Bien évidemment, tout ce matériau d’interprétation n’est qu’un aperçu de ce que peut receler le programme, tant il est dense – et vous comprendrez VRAIMENT cette phrase quand vous ressortirez d’une heure d’épisode. Ne craignez pas de vous confronter à une pseudo thèse sociologique, les sujets et péripéties dans The Wire sont appréhendés aussi normalement que dans Game of Thrones – certains ultras fans allant même jusqu’à décrire la série comme un « anti-GoT », tant ils peuvent se ressembler dans leur casting riche et leurs univers interconnectés, mais en divergeant sur le traitement des histoires.

En fil rouge et en guise de porte d’entrée, la série propose donc de suivre les hauts et les bas d’une unité spéciale de la Police de Baltimore (un regroupement d’officiers de police constitué de bras cassés, enquêteurs mis au rebut…) menée par un sympathique irlandais borderline (Jimmy McNulty / Dominic West).

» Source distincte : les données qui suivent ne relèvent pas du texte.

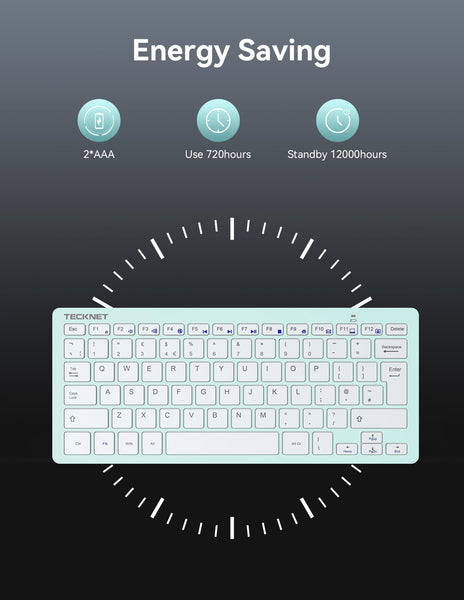 TECKNET 2.4G Wireless Keyboard For Windows/Chrome OS, UK Layout Compact Mini Keyboard, Small Silent Whisper-Quiet Keyboards with 12 months Battery Life (Pink)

Ces derniers se voient donner pour objectif de s’occuper de l’un des nombreux réseaux de trafic de stupéfiants (les fameux « corners ») prenant place dans les quartiers pauvres de l’ouest de la ville. A l’instar de la future Game of Thrones, The Wire vous permet alors de suivre cet envers du décor des brigades de police, qui nous était jusqu’ici interdit par la morale des studios.

Ainsi voit-on d’un côté comment les petites mains des zones délaissées s’agitent, où les toxicomanes désespérés côtoient les dealers pimpés et les gamins paumés, le tout gouverné par des caïds désespérément modernes (tel Russell « Stringer » Bell, joué par Idriss Elba à ses débuts), en alternant doucement avec les silencieux couloirs des lieux de pouvoir de l’Etat fédéral américain, du QG de la Police au conseil municipal (notamment aux côtés de Tommy Carcetti / Aidan Gillen).

Bref, au-delà des adjectifs pompeux et autres grands discours, The Wire atteint un tel travail d’écriture que le quatrième mur est rompu, et que « chaque pièce du puzzle compte ».

 

« The Wire est une série exigeante, il faut s’accrocher »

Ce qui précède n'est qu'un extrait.